Um do mais importantes interesses estratégicos do Brasil é a liberalização do mercado global de alimentos. A queda de subsídios e barreiras à exportação, práticas concentradas nos países ricos, propiciaria benefícios aos países com maior potencial agrícola, clube em que o Brasil se destaca.
Decorre desse raciocínio um corolário óbvio: o governo brasileiro deveria ser o último a lançar mão de medidas que distorcem o comércio de alimentos. Subsídios e barreiras à importação ou à exportação só se justificam em casos de extrema necessidade. Não é o que ocorre com o arroz, tema do novo factóide oriundo do Ministério da Agricultura.
A pasta do ministro Reinhold Stephanes anunciou que, para garantir o abastecimento doméstico, estão suspensas as exportações do estoque público de arroz.
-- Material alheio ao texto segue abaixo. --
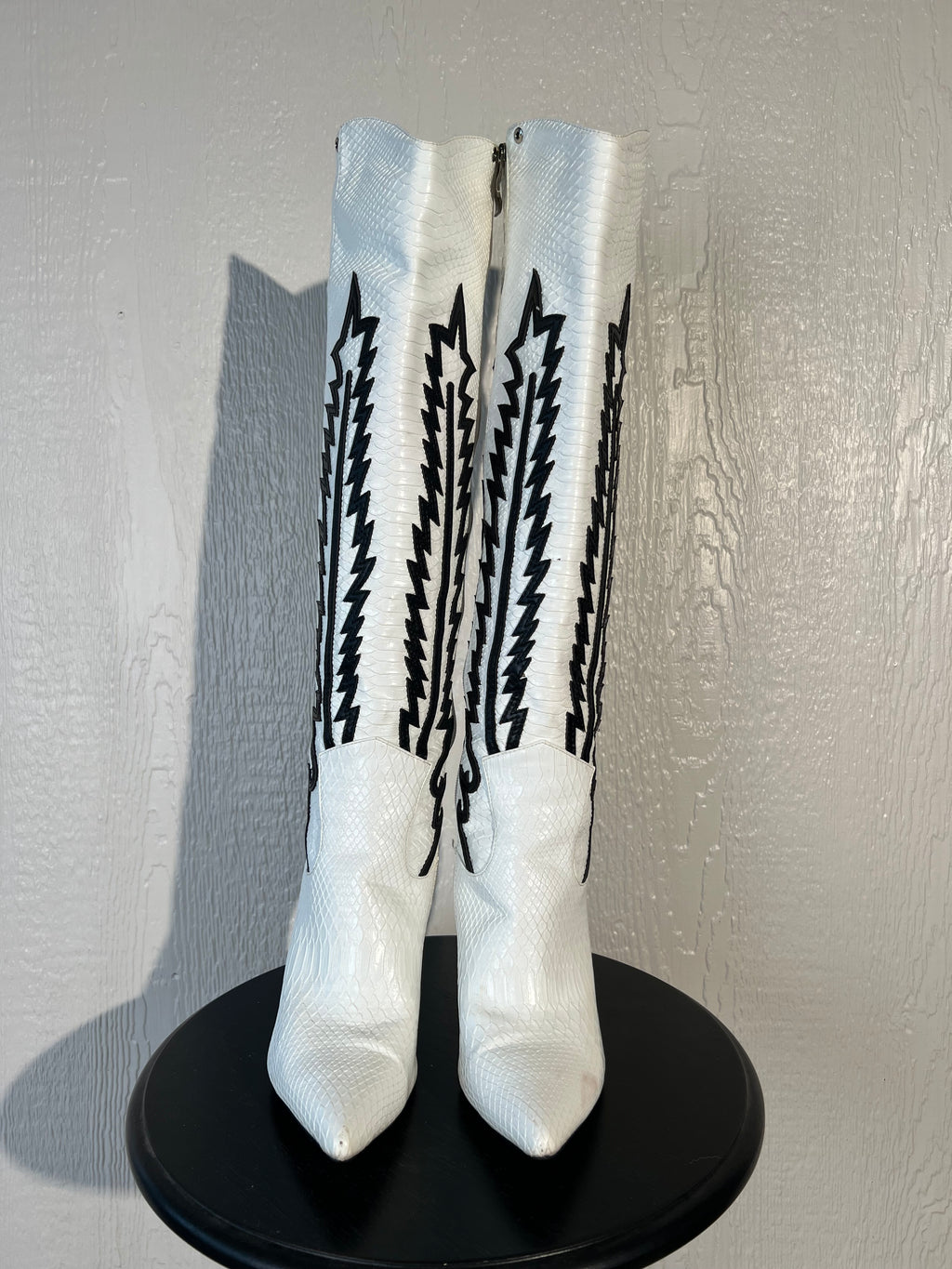 Akira size 10 western heeled boots USED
O detalhe é que o estoque estatal, que representa cerca de 10% do consumo anual do país, existe para suprir o mercado interno; as vendas externas estão a cargo do setor privado.
A intenção do governo era apenas midiática. Com o anúncio estapafúrdio, pretendeu pressionar os rizicultores. Falou-se num acordo de auto-regulação, em que os produtores se comprometeriam a dar prioridade ao mercado interno. Ficou no ar a ameaça oficial de taxar exportações -como têm feito alguns países em meio à crescente pressão política interna desencadeada pela inflação da comida.
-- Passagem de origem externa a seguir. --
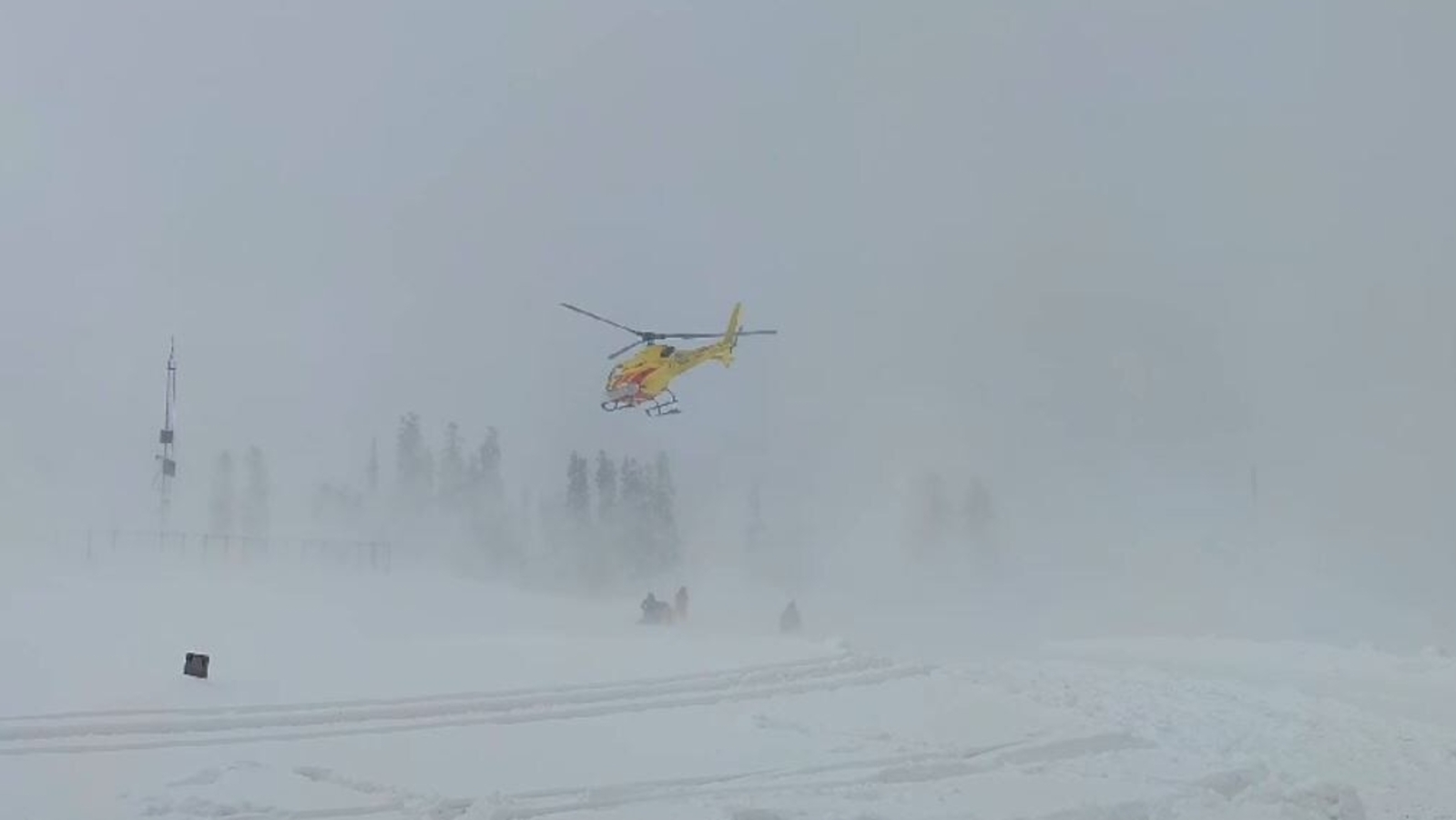 Avalanche in Gulmarg: 1 foreigner dead, several skiers trapped - Vimarsana News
Diante da má repercussão, Stephanes baixou o tom ontem e disse que o governo não tem a intenção de adotar medidas restritivas às exportações de arroz. O saldo da invectiva que patrocinou, no entanto, é muito ruim.
O Brasil produz quase todo o arroz que consome e exporta menos de 5% do que colhe. A safra que está acabando de ser colhida deve crescer, estima a Companhia Nacional de Abastecimento, 5,6% em relação à do ano passado. Ainda assim, o Brasil produz 10% menos arroz hoje do que na safra 2003/2004. Ou seja, é possível aumentar a produção, desde que o preço seja estimulante.
Parece incrível que o Ministério da Agricultura tenha pensado em interferir na formação de preços justamente agora. O Brasil tem excelentes condições de ampliar seu papel de fornecedor mundial de arroz -e de outros produtos do campo- sem sacrificar o mercado interno. A crise global de alimentos traz alguma inflação, mas traz sobretudo oportunidades à economia brasileira. É preciso aproveitá-las.